=== REQUIRED WORK ===
For this exercise, the lines from the one with "关节和骨架区别图示解释(人体解剖学：关节与骨骼结构的区别)" through the end of the material below must be output exactly, without pictures.

=== DATA FOR REVIEW ===
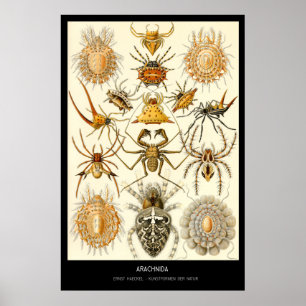 Spinnenartige Tiere - Platte 58 - Kunstformen der Poster
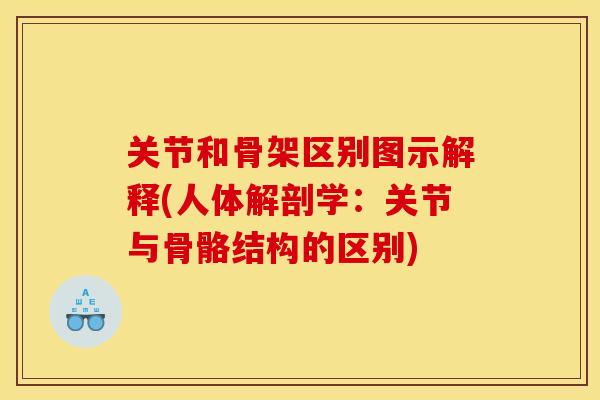 关节和骨架区别图示解释(人体解剖学：关节与骨骼结构的区别)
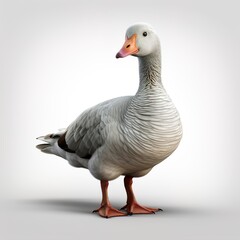 Obraz premium goose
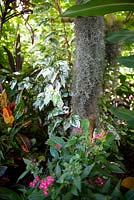 Tillandsia usenoides 'Spanish Moss', poussant dans un Plumeria, Frangipani, avec Pentas lanceolata, à fleurs rose foncé et Hibiscus roas-sinensis, ' Snow Queen ', à feuillage panaché blanc et vert,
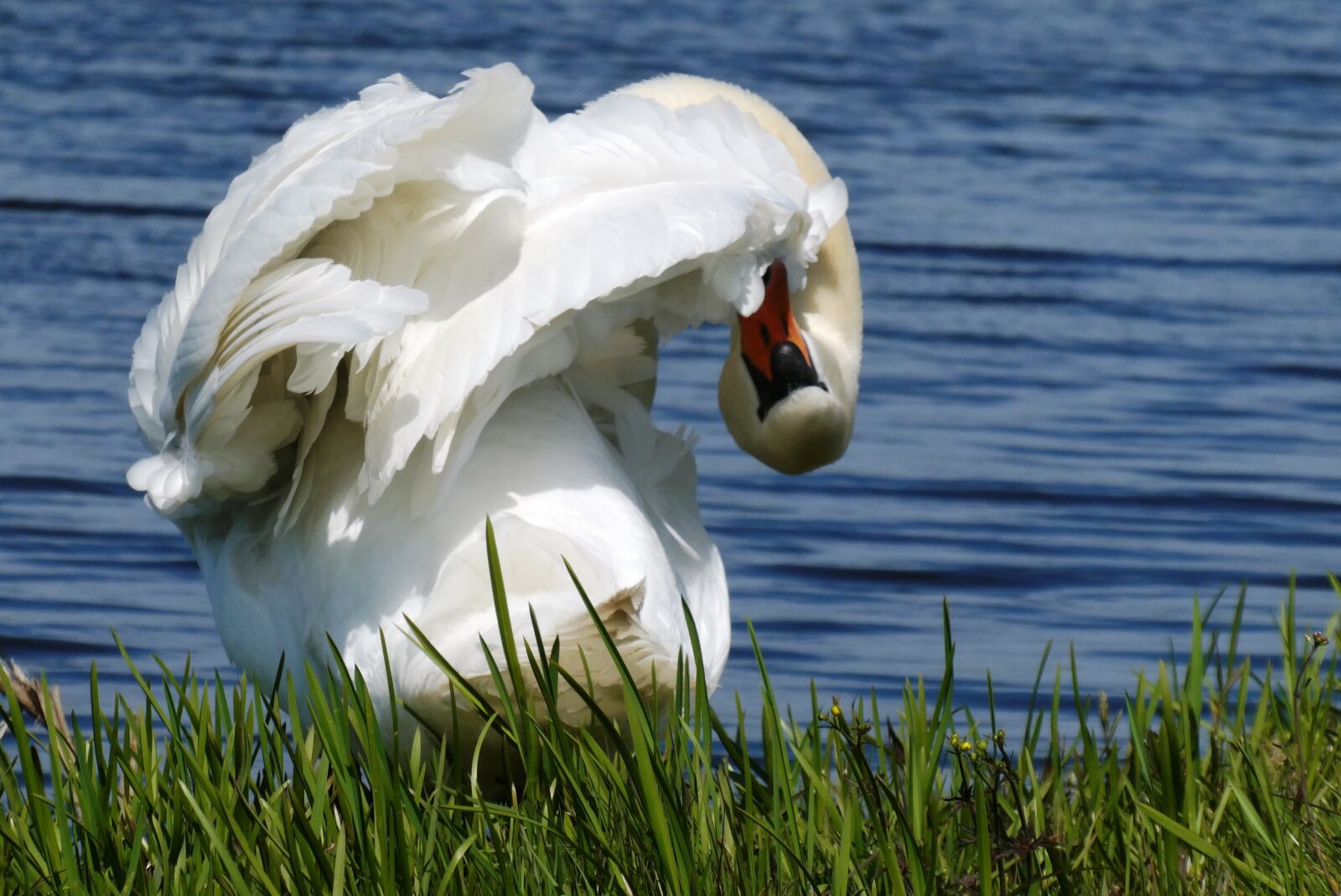 Panasonic Lumix DC-ZS70 (Lumix DC-TZ90) sample photo. Swan, feathers, peck photography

=== THE COMPLETED TASK ===
 关节和骨架区别图示解释(人体解剖学：关节与骨骼结构的区别)
 Obraz premium goose
 Tillandsia usenoides 'Spanish Moss', poussant dans un Plumeria, Frangipani, avec Pentas lanceolata, à fleurs rose foncé et Hibiscus roas-sinensis, ' Snow Queen ', à feuillage panaché blanc et vert,
 Panasonic Lumix DC-ZS70 (Lumix DC-TZ90) sample photo. Swan, feathers, peck photography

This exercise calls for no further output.